Yousef Ahmed Masrahi (Arabic:يوسف مسرحي) (born 31 December 1987, in Najran) is a Saudi Arabian track and field athlete, who specialises in the 400 metres sprint. His personal best time for the event is 43.93 seconds, set in 2015, and is the Asian record.

Masrahi represented his country at the 2012 London Olympics and is a three-time participant at the World Championships in Athletics (2009, 2013, 2015). He was the gold medallist at both the Asian Athletics Championships in 2011 and at the 2014 Asian Games. He was banned for doping in 2016 for four years.

Career
His first international outing came in middle-distance events at the 2007 Asian Indoor Games. He failed to finish in the 800 metres, but set a national indoor record of 4:11.28 minutes in the 1500 metres heats. He won his first medal at the competition in the 4×400 metres relay, taking the gold alongside Hamdan Al-Bishi, Ali Al-Deraan and Hamed Al-Bishi. In the 2008 season he was based in California and began to run in the 200 metres and 400 metres instead, setting best times of 21.80 and 46.45 seconds in the events.

Masrahi won the national title over 200 m in 2009 and improved his 400 m best to 45.84 seconds in Riyadh, gaining the "B" qualifying standard. He represented Saudi Arabia at the 2009 World Championships in Athletics, but was knocked out in the 400 m heats. He was the bronze medalist in the distance at the Arab Athletics Championships and also won the relay title with Saudi Arabia. At the 2009 Asian Indoor Games in November Masrahi was just beaten to the 400 m title by Ismail Al-Sabiani, another Saudi runner, but the pair teamed up in the relay to set a Games record and national record time of 3:10.31 minutes.

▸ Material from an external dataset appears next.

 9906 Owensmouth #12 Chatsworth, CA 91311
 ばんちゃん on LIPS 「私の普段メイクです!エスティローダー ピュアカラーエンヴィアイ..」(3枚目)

The 2010 Asian Games was his focus for the next season and he gained selection after winning a 200/400 m double at the national championships. He ran personal best of 45.48 seconds in the heats of the 400 m at the Asian Games, but was little slower in the final and took the bronze medal. With the relay team he anchored the men home to a Saudi national record of 3:02.30 minutes, running with Al-Sabiani, Mohammed Al-Salhi and Al-Bishi to win the Asian Games title. The next year, he won the 400 m gold medal at the 2011 Asian Athletics Championships in Kobe, Japan, and also won a silver medal in the relay. In 2014, he won the gold medal for the men's 400m in 44.6 sec.

He set his personal best, the Asian record during the qualifying heats of the 2015 World Championships, finishing barely ahead of Rusheen McDonald who was credited with the same time, 43.93 which at the time ranked both men in the top dozen in history.  With two more rounds to run, McDonald was unable to qualify for the final, while Masrahi did, but his remarkable speed was not present in that final where even his personal best would only have been good enough for fourth place.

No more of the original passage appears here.